To make matters even more interesting, a few miles up the road was a small predominantly Black college called Lincoln University. It was 1964 and the Peace Corps was going strong. A group of Peace Corps volunteers was being trained at Lincoln University to be teachers and to be shipped out to the newly minted African country of Tanzania (Tanganyika and Zanzibar had merged to form the new country). Part of their training included student teaching. Since our small rural school district was so near, every teacher in the district including myself received a student teacher. Now picture this; I had neither student-teacher training nor teaching experience and knew precious little about teaching, yet within a few weeks of my initial school teaching assignment I was to become a Master Teacher to a student teacher. Her name was Phyllis Disney, she was from Denver, the niece of Walt Disney, and had already taken student teaching twice in Denver. She actually had more teaching experience than I did yet I was the Master Teacher! Somehow we muddled through.
By Mid October the student teachers had completed their work with us and were on their way to Africa and I was left alone in the classroom for the rest of the year. The segment from October to Christmas vacation was exhausting and a real challenge. I would often stop on the way home and pick up a hoagie (since it had all the food elements - meat, veggies, bread, etc.), take it home, eat it, and at 4:30 p.m. go to bed and sleep through until the next morning. It was that exhausting. I don't think I damaged the kids too much. Since I was not trained as a "standardized test" teacher, I did a lot of individual instruction, tutored after school, visited homes of students, and really got involved in the community. One little girl, Chloe, was black and the daughter of itinerant mushroom pickers. Oxford, PA was a big mushroom producing area. I had never seen abject poverty before going into her home.
I was reared the only son with three sisters my only chores at home was to take out the garbage. In college I did my own laundry but had all wash-and-wear clothes so I did no ironing. I either lived in the dorm or a basement apartment where Mrs. Shaw, the landlady did all the cleaning, laundry, and most of the cooking.
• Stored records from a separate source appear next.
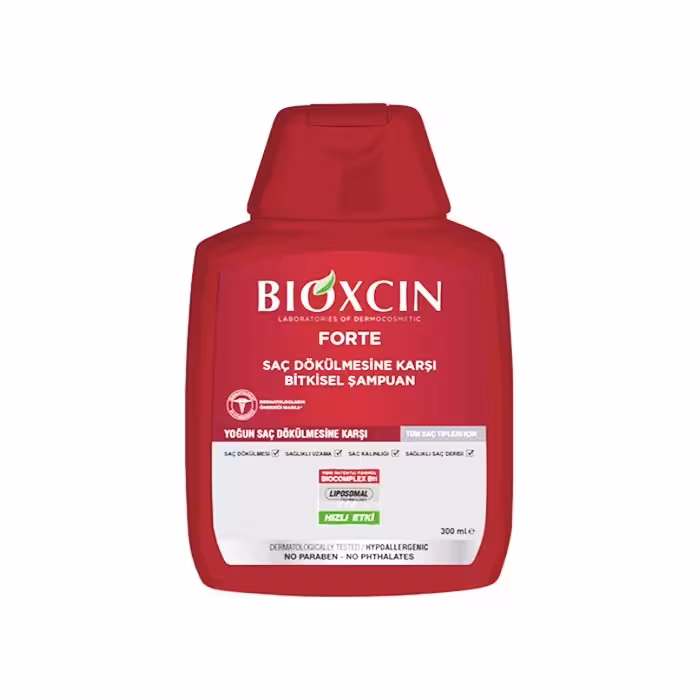 شامپو بیوکسین قرمز BIOXCIN؛ راهکار مؤثر ضد ریزش مو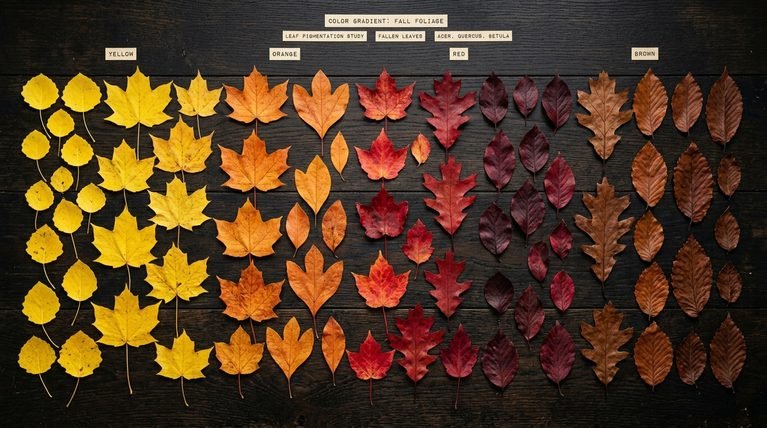 Autumn Leaves Aren’t Dying. They’re Finally Visible.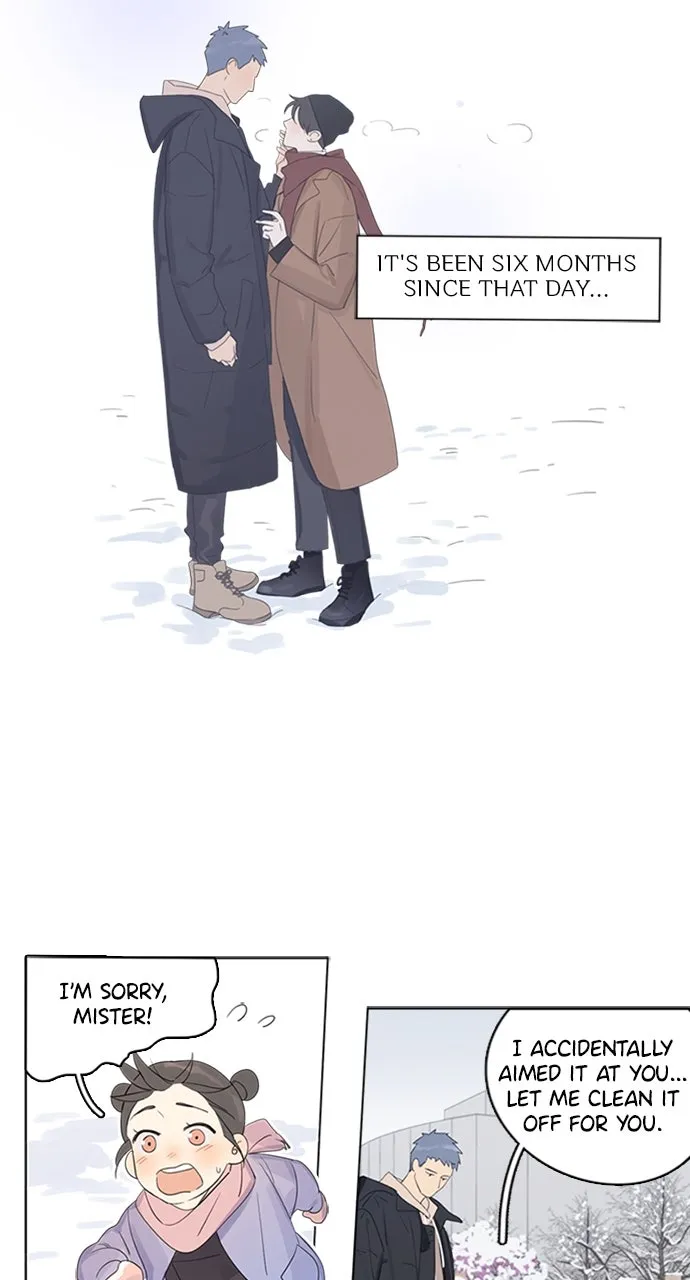 Read Here U Are chapter 95 image 8 on Lezhin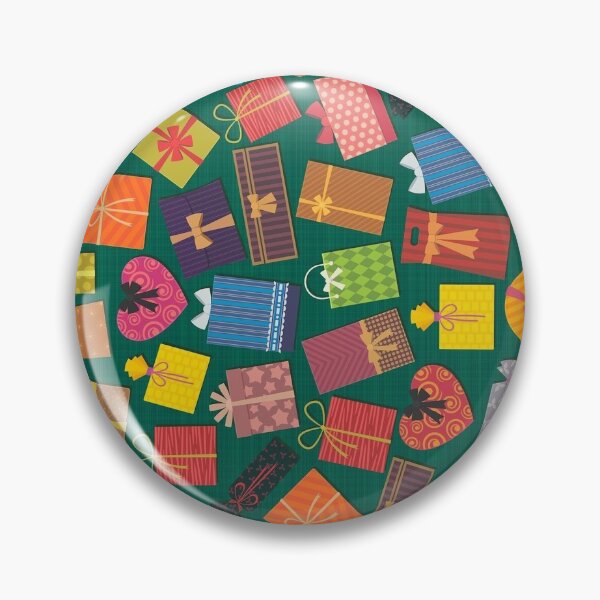 Item preview, Christmas presents Pattern  designed and sold by stepstogreen.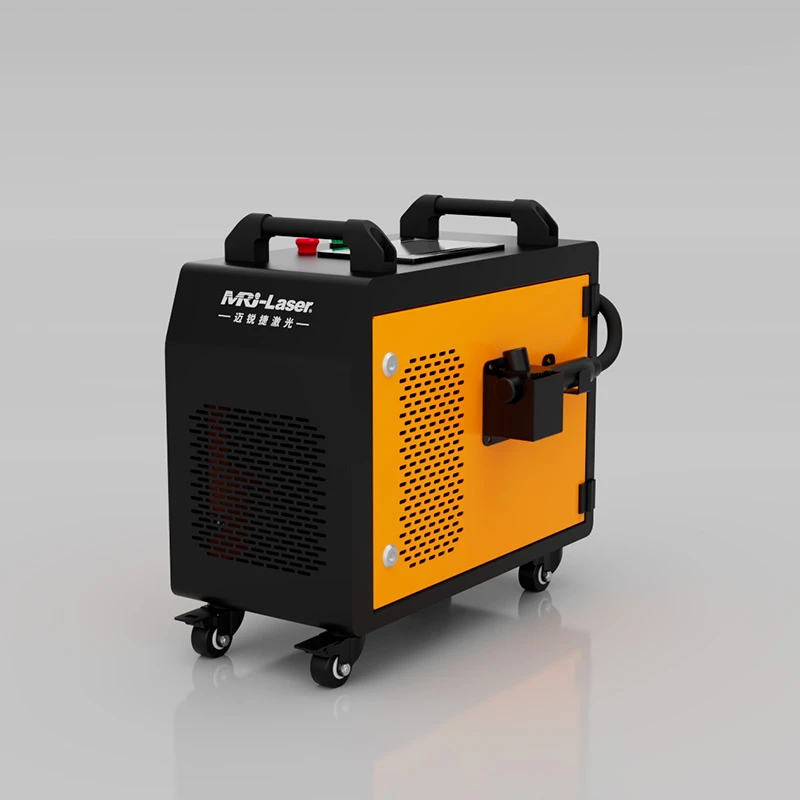 Mini kućanski stroj za lasersko čišćenje od 200 W za čišćenje dvorišta, otpadaka
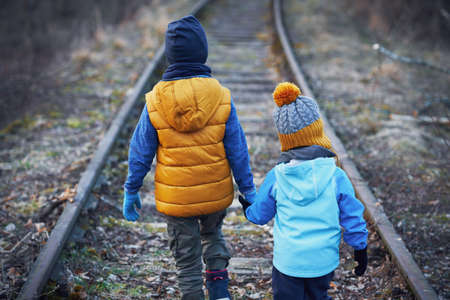 Picture of a child with a lot of love and peaceful messageの写真素材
Thus at 21 I was not only ill prepared for the teaching profession but also for bachelorhood and living on my own. I ate out regularly or brought take-out food home and on weekends usually drove the 300 miles to my parents home where my mother did my laundry, cooked, and sent me back with prepared meals.
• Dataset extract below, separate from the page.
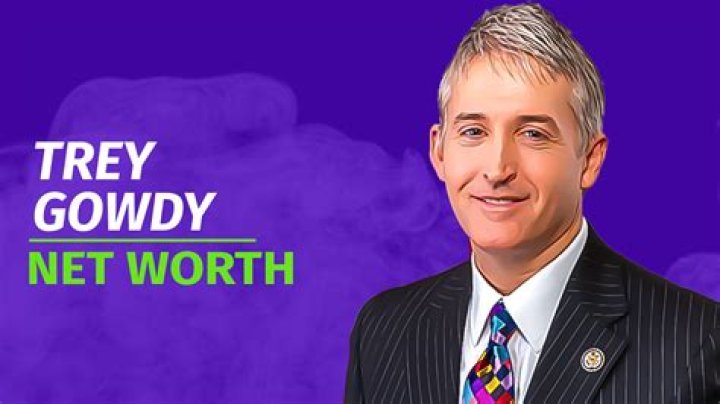 Trey Gowdy Net Worth Increase: A Comprehensive Look at the Rising Fortune of a Prominent Figure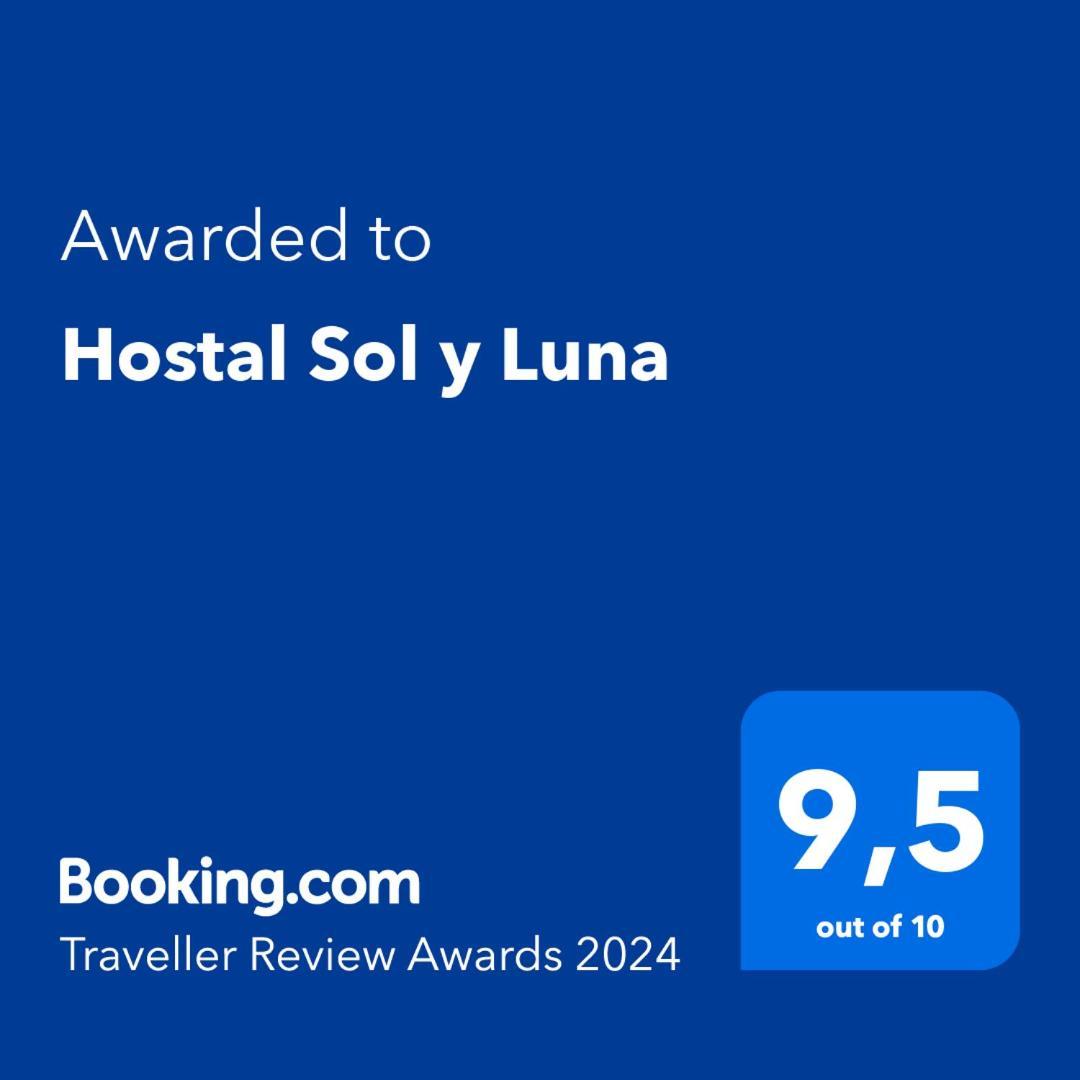 Hostal Sol Y Luna Santiago de Chile Bagian luar foto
One day I decided that I'd stretch my abilities and bought a package of "Heat-Em-And-Eat-Em" cinnamon rolls for the following morning's breakfast. I rarely ate breakfast but this was going to be the new me. I woke up early, put the package in the oven, turned up the oven to 300 or whatever it said on the directions. I then showered, dressed, and went to school, totally forgetting about the rolls in the oven. When I returned home that night the apartment stank of burned stuff and there were six cinders in the oven - still baking at 300 degrees. I did not make a very good bachelor. But neither did I burn the apartment down.